The Brilliance of Issey Miyake: A Retrospective

Ask someone to name the greatest designer to come out of Japan, Rei Kawakubo would probably be recalled as often as Yohji Yamamoto. But twenty years ago, someone else’s name would have been brought up equally often. That man is none other than Issey Miyake.

Miyake-san, a Hiroshima survivor, did not have any formal training in fashion design. Like Rei Kawakubo in Comme des Garcons, his works took the Parisian runway by storm because they were vastly different from the Western aesthetics. Back in the 80s, while Alaia and Mugler set the trends with their clingy bodycons and power dressings (big shoulders, tiny waist), Issey Miyake’s direction played with the idea of space, much like the Japanese kimono but not necessarily its silhouette per se. Words that are best used to describe his works are billowy and gravity-defying. Even though they are as structured as Cristobal Balenciaga’s bubble coats, Issey Miyake’s creations appear so much lighter next to Balenciaga’s.


Issey Miyake ‘Minaret’ Dress, circa 1995.

Issey Miyake ‘Seashell’ Coat, circa 1980s (my favourite)

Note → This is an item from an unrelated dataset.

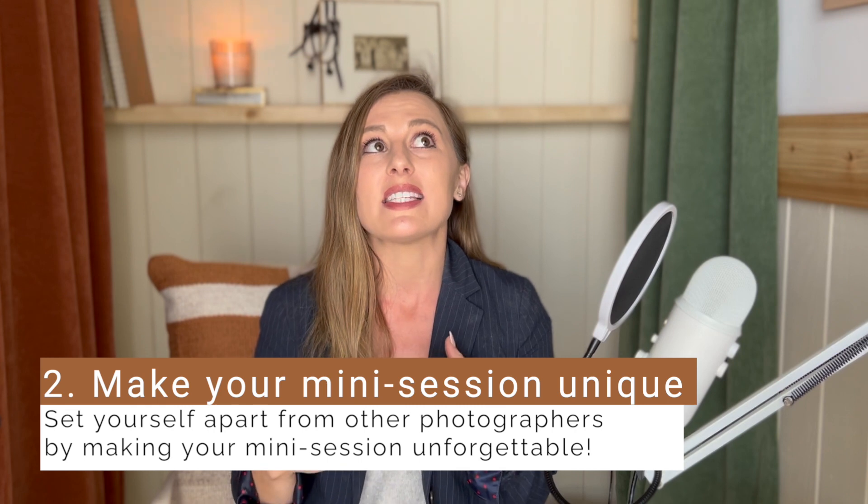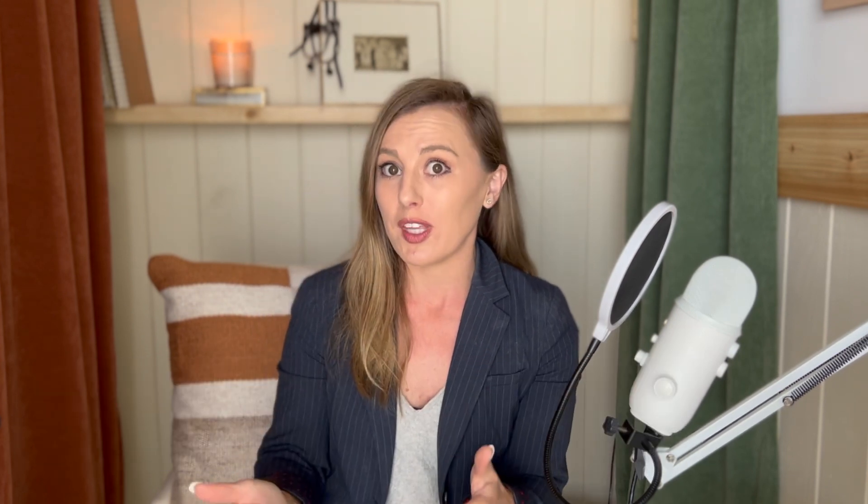Next up: uniqueness. When it comes to a mini session, it is all about client experience. This is where someone will purchase your session over somebody else's. How are you making this even more enjoyable for them? That is your big ticket — really sitting down and thinking about these things. It can be way simpler than you may think.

Issey miyake was an expert manipulator of exaggerated shapes. While the West was obsessed with the rise of hypersexuality and female sexual empowerment, Miyake-san focused on creating works of wearable art. He saw clothes as more than a form of coverage that accentuates the female body championed by the Western standard of beauty (curvy, prominent breasts and derrière), they were art pieces that changed according to the shapes and sizes of individual wearers. In many ways they were more of a liberation – that the feminist hypersexual norm of beauty the Western fashion advocated – than the typical Parisian designers, as can be seen by comparing Miyake-san’s coat next to Alaia’s figure-hugging romper. This happens to be a common theme among the other Japanese designers. Their garments mould their shapes according to the wearers, whereas the Western designs require the wearer to mould their bodies according to the garments. How many of us strive to lose pounds on the treadmill just to fit into a skin tight dress?


Issey Miyake vs Alaia

Issey Miyake had always chosen the legendary Irving Penn to capture his works. The relationship began in 1983 when the photographer first shot Miyake-san’s clothes in 1983 for American Vogue. Since then Miyake-san had always trusted the photographer to document and interpret his works according to his whim, never once being in the same room with Irving Penn himself. “I did not want to interfere with his freedom,” Miyake explained when asked why. “I wanted to see what he would do!”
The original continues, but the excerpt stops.